[Preview] Continuously load data from Apache® Pulsar™
As of StarRocks version 2.5, Routine Load supports continuously loading data from Apache® Pulsar™. Pulsar is distributed, open source pub-sub messaging and streaming platform with a store-compute separation architecture. Loading data from Pulsar via Routine Load is similar to loading data from Apache Kafka. This topic uses CSV-formatted data as an example to introduce how to load data from Apache Pulsar via Routine Load.
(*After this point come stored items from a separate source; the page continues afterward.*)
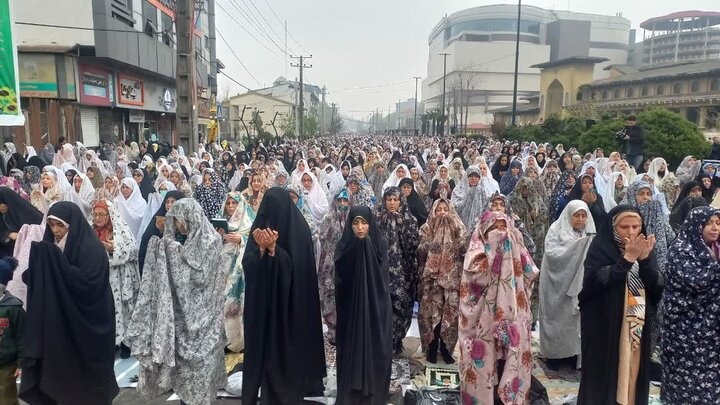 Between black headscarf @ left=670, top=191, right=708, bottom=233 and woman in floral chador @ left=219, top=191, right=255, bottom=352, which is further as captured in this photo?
black headscarf @ left=670, top=191, right=708, bottom=233

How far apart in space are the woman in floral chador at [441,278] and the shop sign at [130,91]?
20240mm

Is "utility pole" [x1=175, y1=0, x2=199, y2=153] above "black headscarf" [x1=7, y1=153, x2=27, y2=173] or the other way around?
above

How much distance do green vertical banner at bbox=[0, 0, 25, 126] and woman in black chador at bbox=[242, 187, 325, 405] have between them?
4586 mm

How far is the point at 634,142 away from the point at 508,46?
73.3 m

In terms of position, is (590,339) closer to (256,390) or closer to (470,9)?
(256,390)

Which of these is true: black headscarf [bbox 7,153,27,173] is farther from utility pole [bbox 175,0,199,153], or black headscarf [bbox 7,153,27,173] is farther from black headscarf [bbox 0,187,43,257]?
black headscarf [bbox 0,187,43,257]

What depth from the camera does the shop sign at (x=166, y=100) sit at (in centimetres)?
2652

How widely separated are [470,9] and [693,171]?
81.7m

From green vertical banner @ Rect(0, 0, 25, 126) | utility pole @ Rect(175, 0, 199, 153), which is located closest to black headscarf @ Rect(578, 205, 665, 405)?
green vertical banner @ Rect(0, 0, 25, 126)

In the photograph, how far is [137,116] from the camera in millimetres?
23734

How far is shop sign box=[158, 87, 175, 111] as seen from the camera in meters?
26.5

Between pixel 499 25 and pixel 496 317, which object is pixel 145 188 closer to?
pixel 496 317

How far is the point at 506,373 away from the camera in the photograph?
3.35 metres

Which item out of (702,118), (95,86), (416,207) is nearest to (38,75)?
(95,86) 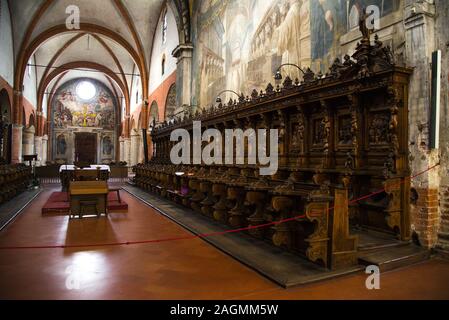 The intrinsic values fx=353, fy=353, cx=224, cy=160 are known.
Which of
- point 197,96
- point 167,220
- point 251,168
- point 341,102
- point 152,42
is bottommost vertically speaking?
point 167,220

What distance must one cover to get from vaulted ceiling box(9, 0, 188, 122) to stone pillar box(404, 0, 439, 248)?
1307cm

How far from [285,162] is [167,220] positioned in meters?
3.00

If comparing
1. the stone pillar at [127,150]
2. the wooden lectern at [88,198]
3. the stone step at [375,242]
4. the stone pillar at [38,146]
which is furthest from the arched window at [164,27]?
the stone pillar at [38,146]

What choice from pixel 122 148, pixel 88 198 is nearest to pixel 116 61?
pixel 122 148

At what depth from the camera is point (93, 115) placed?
39500mm

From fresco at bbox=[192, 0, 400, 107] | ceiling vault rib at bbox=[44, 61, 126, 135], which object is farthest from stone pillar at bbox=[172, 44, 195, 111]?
ceiling vault rib at bbox=[44, 61, 126, 135]

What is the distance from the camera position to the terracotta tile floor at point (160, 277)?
362 cm

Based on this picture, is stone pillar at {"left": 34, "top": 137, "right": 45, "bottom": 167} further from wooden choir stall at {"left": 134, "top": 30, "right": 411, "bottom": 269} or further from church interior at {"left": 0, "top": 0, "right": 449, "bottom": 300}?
wooden choir stall at {"left": 134, "top": 30, "right": 411, "bottom": 269}

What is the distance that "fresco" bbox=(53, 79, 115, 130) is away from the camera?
3847 cm

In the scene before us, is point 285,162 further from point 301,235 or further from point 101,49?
point 101,49

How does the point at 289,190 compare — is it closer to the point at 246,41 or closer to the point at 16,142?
the point at 246,41

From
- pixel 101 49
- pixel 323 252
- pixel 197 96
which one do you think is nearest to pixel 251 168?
pixel 323 252

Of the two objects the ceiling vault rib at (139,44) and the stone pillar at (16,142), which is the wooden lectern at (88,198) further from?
the ceiling vault rib at (139,44)

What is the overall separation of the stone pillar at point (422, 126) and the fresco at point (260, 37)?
2.75 ft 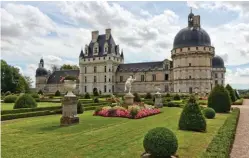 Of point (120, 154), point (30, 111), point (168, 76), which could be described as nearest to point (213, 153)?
point (120, 154)

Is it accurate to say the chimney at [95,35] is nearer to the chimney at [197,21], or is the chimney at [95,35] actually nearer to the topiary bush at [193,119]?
the chimney at [197,21]

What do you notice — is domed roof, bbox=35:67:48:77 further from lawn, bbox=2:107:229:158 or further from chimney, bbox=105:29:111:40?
lawn, bbox=2:107:229:158

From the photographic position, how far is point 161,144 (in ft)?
22.4

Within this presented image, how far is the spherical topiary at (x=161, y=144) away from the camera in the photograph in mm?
6840

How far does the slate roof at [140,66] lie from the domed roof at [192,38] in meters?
10.2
Supported data file formats
Routine Load supports consuming CSV and JSON formatted data from a Pulsar cluster.
NOTE
As for data in CSV format, StarRocks supports UTF-8 encoded strings within 50 bytes as column separators. Commonly used column separators include comma (,), tab and pipe (|).
Pulsar-related concepts
Topics in Pulsar are named channels for transmitting messages from producers to consumers. Topics in Pulsar are divided into partitioned topics and non-partitioned topics.
- Partitioned topics are a special type of topic that are handled by multiple brokers, thus allowing for higher throughput. A partitioned topic is actually implemented as N internal topics, where N is the number of partitions.
- Non-partitioned topics are a normal type of topic that are served only by a single broker, which limits the maximum throughput of the topic.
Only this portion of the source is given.